Interatomic Distances in the Heme–Ligand Complex of Deer Mouse Hemoglobin, Inferred from a Homology-Based Model
Functional divergence between the two α-globin paralogs of P. maniculatus stands in stark contrast to the pattern of concerted evolution that has been documented for the α-globin paralogs of almost all other mammals studied to date . For example, the α-globin gene duplicates of humans are typically identical in sequence and therefore encode identical polypeptides .

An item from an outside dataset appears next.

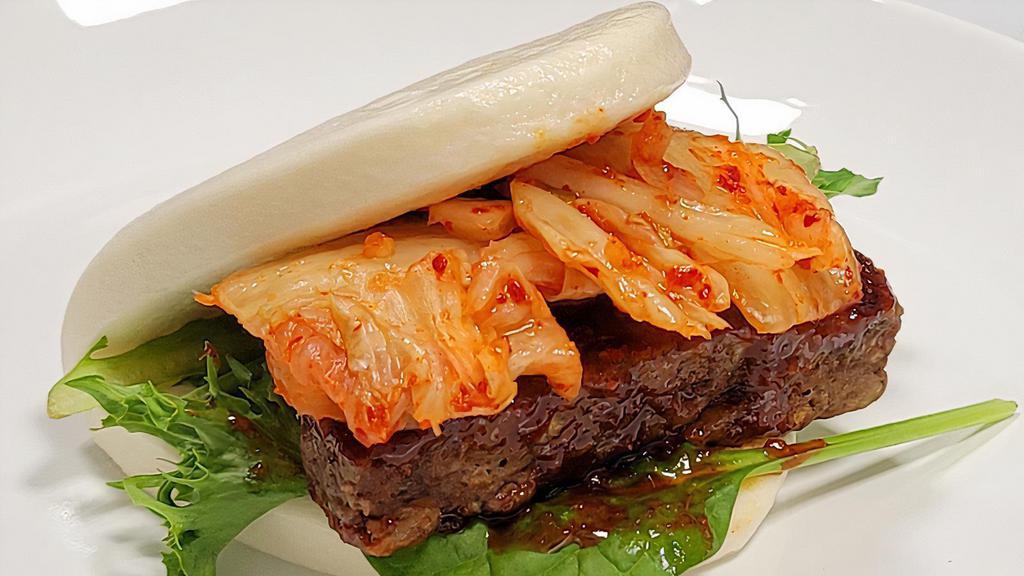 Kimchi Imposstor Bao · Impossible soy-based vegetarian protein with Korean-style spicy sauce, kimchi, and spring salad on a fluffy steamed bun. (Palm-sized ~4inches diameter taco shell style bao.)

Patterns of Polymorphism and Divergence
Even after accounting for shared polymorphisms that are attributable to gene conversion between the two α-globin paralogs, both genes are characterized by extremely high levels of nucleotide diversity at both silent sites (synonymous and noncoding) and replacement sites (Table 2). In the 3′ α-globin gene, conversion tracts encompass large portions of the coding sequence and result in a 1.51-fold increase in total nucleotide diversity. In addition to the variation introduced by gene conversion between the two paralogs, both genes have also experienced high rates of intragenic recombination (RM, the inferred minimum number of recombination events = 14 for 5′ α-globin, 95% confidence interval = 6 to 16, and RM = 8 for 3′ α-globin, 95% confidence interval = 5 to 14).

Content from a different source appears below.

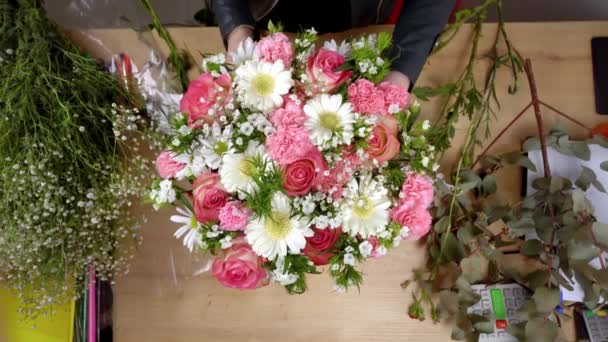 Vista superior de las manos de una florista joven creando una composición - Imágenes, Vídeo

Polymorphism and Divergence in the Coding Regions of the 5′ and 3′ α-Globin Paralogs
The 3′ α-globin orthologs of P. maniculatus and a closely related congener, Peromyscus leucopus, are distinguished by seven amino acid substitutions: 23(B4)Asp→Gln, 47(CD12)His→Asp, 50(CD15)Pro→His, 57(E6)Gly→Thr, 58(E7)Gln→His, 71(EF1)Asn→Asp, and 113(GH1)His→Gln (Figure 1). By contrast, there are no fixed amino acid differences between the 5′ α-globin orthologs of these two species. Within P. maniculatus, both genes exhibit extensive amino acid replacement polymorphism: 5′ α-globin segregates 21 nonsynonymous mutations and 3′ α-globin segregates 33 nonsynonymous mutations. For neutral genes that are evolving under the joint influence of mutation and genetic drift, the level of within-species polymorphism is expected to be positively correlated with the level of between-species divergence, and this correlation should hold for both silent and replacement changes . To test for a departure from this neutral expectation, we used Fisher's exact test of independence to assess whether the ratio of amino acid replacement to silent polymorphisms in each of the two α-globin genes of P. maniculatus differed from the ratio of replacement to silent fixed differences in comparison with their respective orthologs in P. leucopus. Excluding alleles with identified gene conversion tracts, the tests revealed that both genes are characterized by a significant excess of replacement polymorphism (Table 3). At the 5′ α-globin gene, ten of the 21 nonsynonymous mutations exhibited significant allele frequency differences between high- and low-altitude samples, and at six of these sites, the derived mutation was present at a frequency greater than 0.10 in the high-altitude sample. At the 3′ α-globin gene, 21 of the 33 nonsynonymous mutations exhibited significant allele frequency differences between high- and low-altitude samples, and at eight of these sites, the derived mutation was present at a frequency greater than 0.10 in the high-altitude sample (Table S1). This pattern of polymorphism is consistent with a model of diversifying selection that favors different protein variants in different elevational zones [9,21].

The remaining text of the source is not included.